City council is lobbying to get both the Car 40 and PACT program into Penticton because more than half of police calls are for mental health.
Penticton has been pushing for the Car 40 program for more than a year. The program pairs an officer with a mental health expert to go out to mental health crisis calls. Interior Health recently announced the expansion of Car 40 in Kamloops and Kelowna but Penticton was notably left out.
A letter is also going out to Canadian Mental Health Association to show the city’s interest in participating in the PACT program. The aim of a PACT (Peer Assisted Care Team) is to provide an alternative to police and shift B.C.’s crisis care to a community-based, client-centered, trauma-informed response
The decision to send the letters came after two presentations to city council on Tuesday.
Jonny Morris of the CMHA outlined the success of PACT (Peer Assisted Care Teams) in three other B.C. communities and the desire to expand the program. Teams include two trained civilian/community member with lived experience of mental health and/or substance use challenges and one mental health professional.
And following a presentation by Dr. Curt Griffiths, who co-authored the recently released Community Safety Resources review, council agreed to use the data within the report to once again press Interior Health for a Car 40 program which pairs a mental health worker with a police officer.
Penticton RCMP does not triage calls, they react to every call of which 52 per cent are for mental health.

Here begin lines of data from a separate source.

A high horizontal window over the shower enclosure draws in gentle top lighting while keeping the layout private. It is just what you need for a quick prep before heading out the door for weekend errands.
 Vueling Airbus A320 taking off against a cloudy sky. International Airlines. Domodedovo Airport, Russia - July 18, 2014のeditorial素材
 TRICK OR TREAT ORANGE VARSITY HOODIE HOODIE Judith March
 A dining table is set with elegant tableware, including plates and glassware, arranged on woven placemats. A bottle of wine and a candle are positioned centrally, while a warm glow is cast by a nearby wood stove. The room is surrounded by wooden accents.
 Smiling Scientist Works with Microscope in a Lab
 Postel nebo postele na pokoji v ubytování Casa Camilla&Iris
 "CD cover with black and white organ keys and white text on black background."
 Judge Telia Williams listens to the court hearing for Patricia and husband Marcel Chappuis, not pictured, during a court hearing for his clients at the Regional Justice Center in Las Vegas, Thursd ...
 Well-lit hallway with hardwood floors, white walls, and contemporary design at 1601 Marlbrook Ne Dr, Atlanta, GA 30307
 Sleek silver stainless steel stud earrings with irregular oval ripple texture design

“You need to find a way to take the case burden off your officers,” said Griffiths to council on Tuesday.
Penticton’s figures are striking, said Griffiths.
“It’s not 10 per cent of calls to mental health, it’s 52,” he said.
Penticton police deal with twice the calls for mental health than Kelowna, Kamloops, Vernon.
On paper, the province is responsible for mental health.
“Who goes to drug overdoses if ambulance is delayed, well it’s fire. It’s the downloading that has been going on for 10 years for fire, police and bylaws which is not sustainable,” said Griffiths.
“You’ve been left on your own by the province. We suggest there should be a two-person mental health team dispatched out of detachment. There has got to be a way to let police get back to policing,” he added.
“I know it’s a slippery slope. In Edmonton, the police hired their own team because they couldn’t get social workers to come out in evenings and weekends,” said Griffiths.
Coun. Amelia Boultbee wondered how you get the province to come to the table.
Not many communities have, he replied but it appears they are more receptive to listening since the change in leadership. IH is as well, he hoped.
“Get the stakeholders together but if the province does offer anything get it in writing,” he added.
The report also suggests that the city invoice the province at the end of the year for services they should have provided.
A bold move, one that hasn’t been done by any other B.C. city but Penticton is known to make bold choices with the province, suggested Griffiths.